**AIM OF THE EXERCISE**
Nothing is needed except the lines below that run from the one with "Nachttische 2 Stk." through the one with "Miss Thistle Highland Cow Glasses Case", repeated exactly.

**RECORDS TO PROCESS**
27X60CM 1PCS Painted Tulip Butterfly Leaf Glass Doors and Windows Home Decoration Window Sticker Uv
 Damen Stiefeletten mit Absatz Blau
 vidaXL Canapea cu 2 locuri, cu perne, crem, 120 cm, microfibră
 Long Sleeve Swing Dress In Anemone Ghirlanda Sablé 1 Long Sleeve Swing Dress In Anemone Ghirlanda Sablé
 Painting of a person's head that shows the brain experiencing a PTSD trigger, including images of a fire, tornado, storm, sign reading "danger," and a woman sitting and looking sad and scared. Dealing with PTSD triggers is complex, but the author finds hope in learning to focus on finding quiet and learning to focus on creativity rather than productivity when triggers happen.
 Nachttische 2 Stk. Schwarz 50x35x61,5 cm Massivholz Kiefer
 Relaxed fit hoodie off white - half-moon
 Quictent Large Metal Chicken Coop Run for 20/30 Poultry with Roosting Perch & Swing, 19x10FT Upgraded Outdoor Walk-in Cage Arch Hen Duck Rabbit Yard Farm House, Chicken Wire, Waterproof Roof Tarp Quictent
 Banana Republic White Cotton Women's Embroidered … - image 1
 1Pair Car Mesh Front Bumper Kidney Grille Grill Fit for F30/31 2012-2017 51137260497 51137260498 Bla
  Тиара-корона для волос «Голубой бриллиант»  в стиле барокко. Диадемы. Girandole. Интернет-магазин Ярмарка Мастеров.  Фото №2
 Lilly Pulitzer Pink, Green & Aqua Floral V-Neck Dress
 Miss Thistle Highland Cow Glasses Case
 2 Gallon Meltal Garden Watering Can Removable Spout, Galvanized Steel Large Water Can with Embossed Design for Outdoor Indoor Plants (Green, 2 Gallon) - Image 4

**SOLUTION BELOW**
 Nachttische 2 Stk. Schwarz 50x35x61,5 cm Massivholz Kiefer
 Relaxed fit hoodie off white - half-moon
 Quictent Large Metal Chicken Coop Run for 20/30 Poultry with Roosting Perch & Swing, 19x10FT Upgraded Outdoor Walk-in Cage Arch Hen Duck Rabbit Yard Farm House, Chicken Wire, Waterproof Roof Tarp Quictent
 Banana Republic White Cotton Women's Embroidered … - image 1
 1Pair Car Mesh Front Bumper Kidney Grille Grill Fit for F30/31 2012-2017 51137260497 51137260498 Bla
  Тиара-корона для волос «Голубой бриллиант»  в стиле барокко. Диадемы. Girandole. Интернет-магазин Ярмарка Мастеров.  Фото №2
 Lilly Pulitzer Pink, Green & Aqua Floral V-Neck Dress
 Miss Thistle Highland Cow Glasses Case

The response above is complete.